Oh there are many, dunno all of them but to get started lets mention some

based on the size there are:

-small (nano tanks, although they look attractive and small investment not recommended for beginners cause of the small amount of water is more difficult to keep the water parameters at one stable level)
- medium sized (something thats most of us have)
-big ones (180g and more, thinks big boys do)

based on water gravity:

- Brackish tanks (designed for inhabitants that naturally live in areas where rivers meet see)
-sw (well, salt water aquariums)

based on inhabitants you can chose from:

-reef ones to my opinion desirable aquarium mixed with fish, inverts and corals (to me something nice to watch cause of the range of organisms and colors inside)

-fish only (you might wanna chose this system if you wanna play it with aggressive organisms that are not classified as "reef safe or compatible")

-dedicated tanks (seahorses tanks, octopus tanks, tank busters aquariums etc...)


----------



## sweet lu (Oct 3, 2003)

i have always wanted a octopus









here is a general rule for salt water i think

if you are new then dont go under 30g


----------



## Raptor (Jan 3, 2003)

There are FO (fish only) FOWLR (fish only with live rock) Then reef tanks.


----------



## Andrew (Mar 3, 2003)

Xenon,

Do you have any idea what type of fish you want to keep, or will you be focusing more on corals?


----------



## garybusey (Mar 19, 2003)

Raptor said:


> There are FO (fish only) FOWLR (fish only with live rock) Then reef tanks.


 Thats the Gist of it. Welcome to the world of salt!


----------



## Xenon (Nov 15, 2002)

Andrew said:


> Xenon,
> 
> Do you have any idea what type of fish you want to keep, or will you be focusing more on corals?

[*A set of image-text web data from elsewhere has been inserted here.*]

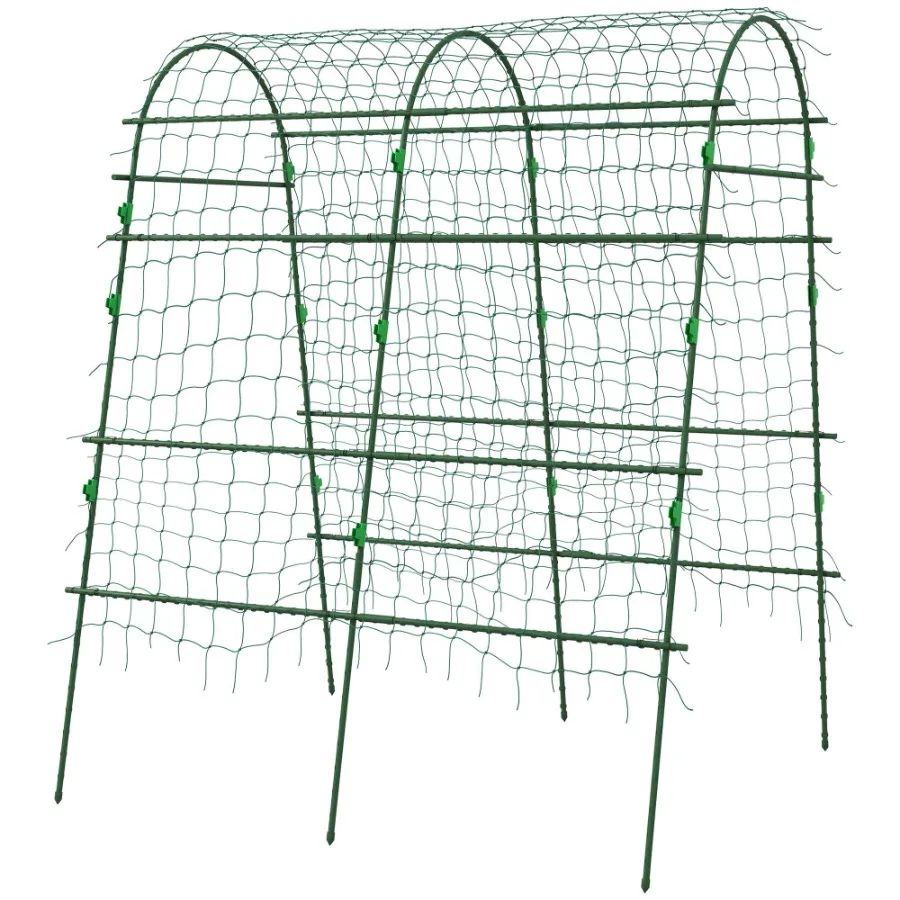 

Metal Arch Garden Trellis for Climbing Plants AFrame with Net 57x66x81 Green Outdoor Dr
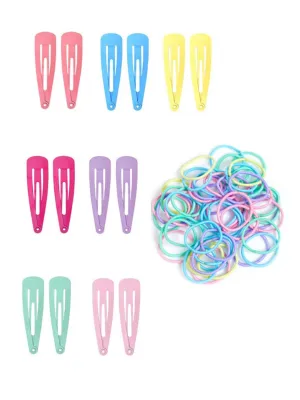 Melbees by Yellow Chimes Hair Clips for Girls Kids Hair Clip Hair Accessories for Girls Baby's Multicolor 7 Pairs Snap Hair Clips With 100 Pcs Rubber Bands Set for Kids Tic Tac Clips Baby Teens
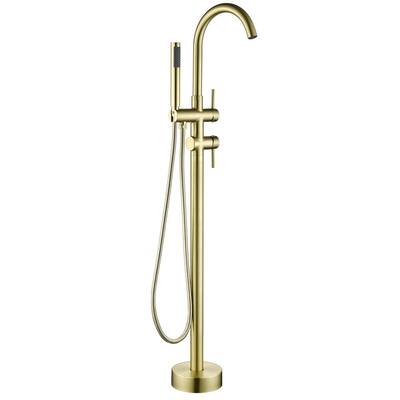 Freestanding Floor Mount 2-Handle Bath Tub Filler Faucet with Handheld Shower in Brushed Gold
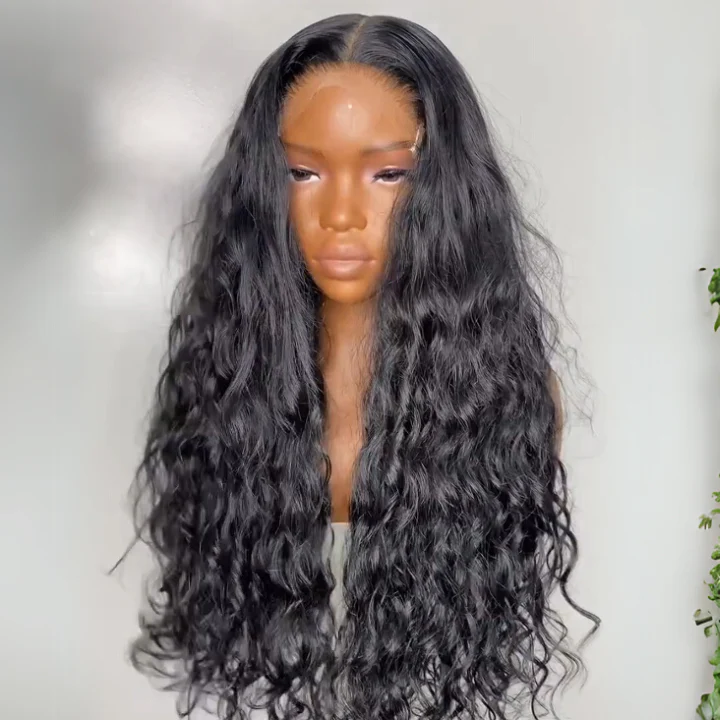 Glueless Loose Wave Curly Human Hair Wig Natural Black 100% Human Hair - Amanda Hair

 thats the thing Andrew. This is a complete foreign territory for me right now so I am attempting to determine the answers to these questions well before I dive in head first.

Ok, what are the pros and cons of each type of tank?

Fish only? Fish with Live Rock? Reef?


----------



## Xenon (Nov 15, 2002)

Whjat are the types of fish you can have with live rock that will still allow it to look nice like it does in reef tanks?


----------



## sweet lu (Oct 3, 2003)

fish only tanks are cheap, easy to maintain, and you just have to set up and cycle and then add fish

fish with live rock are pretty good because if the power goes out then the live rock will still be working in the tank and you ammonia and nitirtes will be ok still. these cost more and take longer becaues of curing of live rock, the high price of live rock.

a reef tank ares extrmely expensive because of the size and things you need

a fish and live rock tank would be good becaues some fish need places to perch on such as live rock. and anemones and other corols need places to latch on to

but you can go with a fish only tank with live sand and then just buy cheaper fake live rock


----------



## Andrew (Mar 3, 2003)

Xenon said:


> Andrew said:
> 
> 
> > Xenon,
> ...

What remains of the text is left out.